No I do not. Is that the only way to prove this?

 

[dextercioby]

BTW,in case you didn't know,the volume of a sphere is ZERO...

Daniel.

 

[Jameson]

Look. If you want to prove how smart you are, do it somewhere else. If you just don't know how to do this problem, then don't say anything. If you do, I would like your help.

How is the volume of a sphere zero?

 

[Crosson]

Your method is suitable, buth have you ever heard of spherical polar coordinates?

It is a radial coordinate r, and two polar angles theta and phi. Notice how this coordinate is a much more natural one, for say the motion of you elbow and fore arm. There is some fun geometry to figure out, but here is an appropriate transformation :

x = r sin ( phi) cos ( theta)

y = r sin ( phi )sin (theta)

z = r cos ( phi )

using this, you can transform dx, dy, and dz into dr etc

Then just do a triple integral where r goes from 0 to R, the radius of the sphere. Theta goes from 0 to 2pi and Phi goes from zero to pi. My explanation is not so great, but you should look up spherical polar coordinates.

 

[dextercioby]

I'm saying the volume of a sphere is ZERO,USING THE DEFINITION OF A SPHERE.

As for your initial method,it was incorrect.You were insuccessfully attempting to find the volume of a ball of radius R using cylindrical coordinates...

Daniel.

 

[dextercioby]

http://mathworld.wolfram.com/Sphere.html

You were trying to derive the result using formula #15 and Crosson referred to formula #16.

Daniel.

 

[cepheid]

Look. If you want to prove how smart you are, do it somewhere else. If you just don't know how to do this problem, then don't say anything. If you do, I would like your help.

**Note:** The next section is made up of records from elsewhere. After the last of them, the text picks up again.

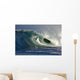 perfect breaking wave Wall Mural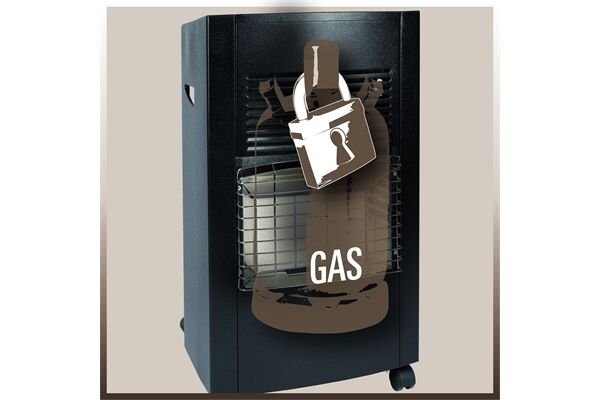 Einhell Einhell Keramik Gasheizofen, KGH 4200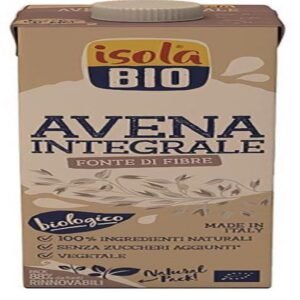 Bebida de Avena Integral Bio · Isola Bio · 1 litro
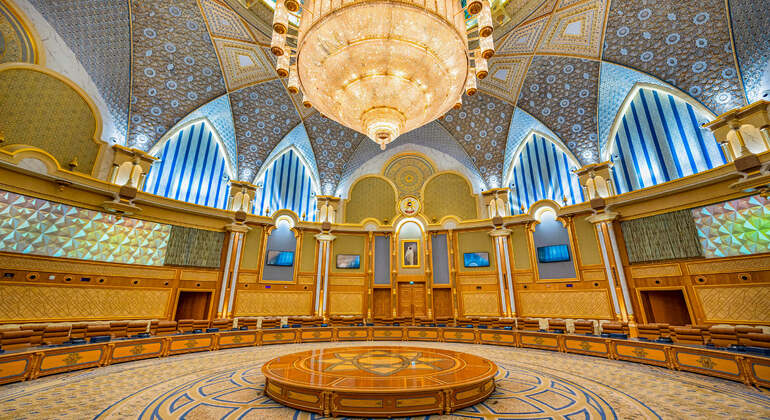 Application de guide audio : Qasr Al-Watan, Abu Dhabi global.countries. — #10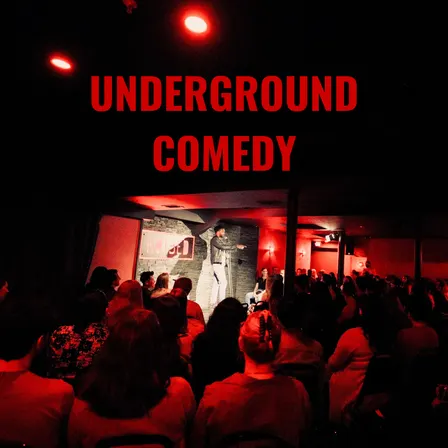 Underground Comedy | Free Stand-Up Comedy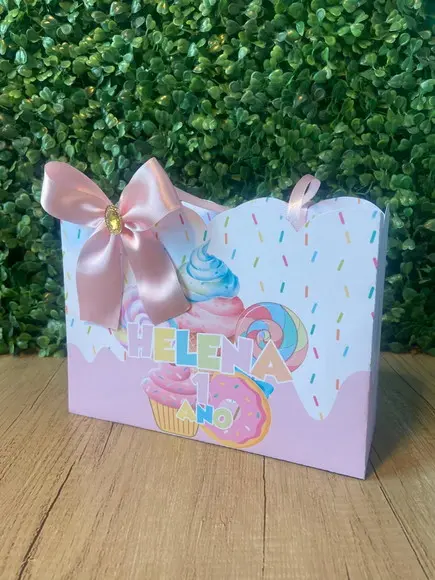 Sacolinha Personalizada Confeitaria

How is the volume of a sphere zero?

Dextercioby always tells people that what they have said is wrong, based on semantics. That makes it impossible for them to understand why. All it does it confuse the issue. It's not a very good way to confront people who are trying to learn IMHO. Dexter is pointing out that a sphere is a two-dimensional surface in 3D space, therefore it has no volume. However, the volume **ENCLOSED** by that spherical surface is given by $\frac{4}{3} \pi r^3$. Arrrgggh! See what I mean? Frustrating guy! The volume of a spherical solid is given by that formula too.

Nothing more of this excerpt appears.